EXERCISE DESCRIPTION: Return all the data below as it stands, minus the pictures.

RECORDED INFORMATION:
◆ ◆ ◆ ◆ ◆

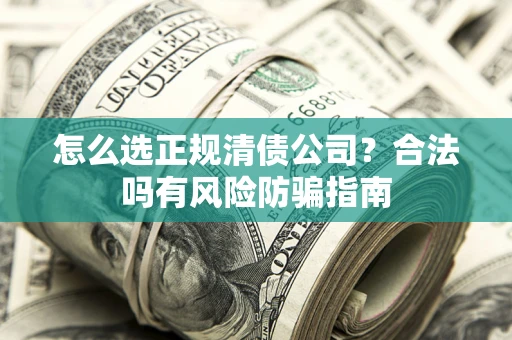 北京怎么选正规清债公司？合法吗有风险防骗指南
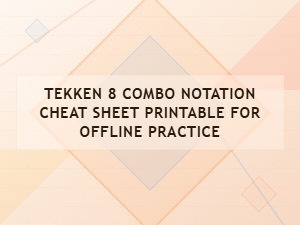 Tekken 8 Combo Notation Printable Cheat Sheet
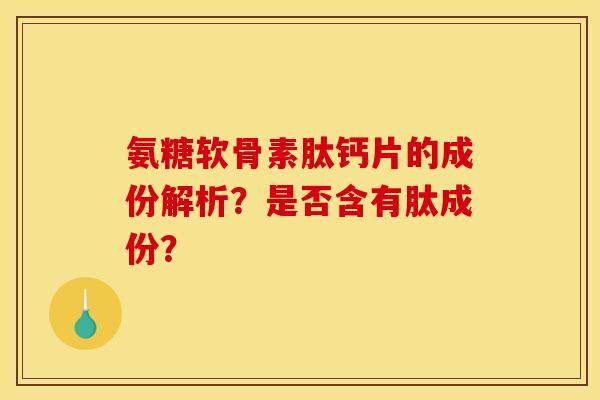 氨糖软骨素肽钙片的成份解析？是否含有肽成份？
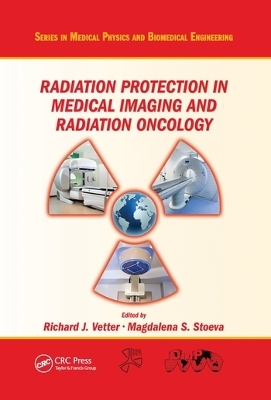 Radiation Protection in Medical Imaging and Radiation Oncology -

◆ ◆ ◆ ◆ ◆

EXPECTED ANSWER:
 北京怎么选正规清债公司？合法吗有风险防骗指南
 Tekken 8 Combo Notation Printable Cheat Sheet
 氨糖软骨素肽钙片的成份解析？是否含有肽成份？
 Radiation Protection in Medical Imaging and Radiation Oncology -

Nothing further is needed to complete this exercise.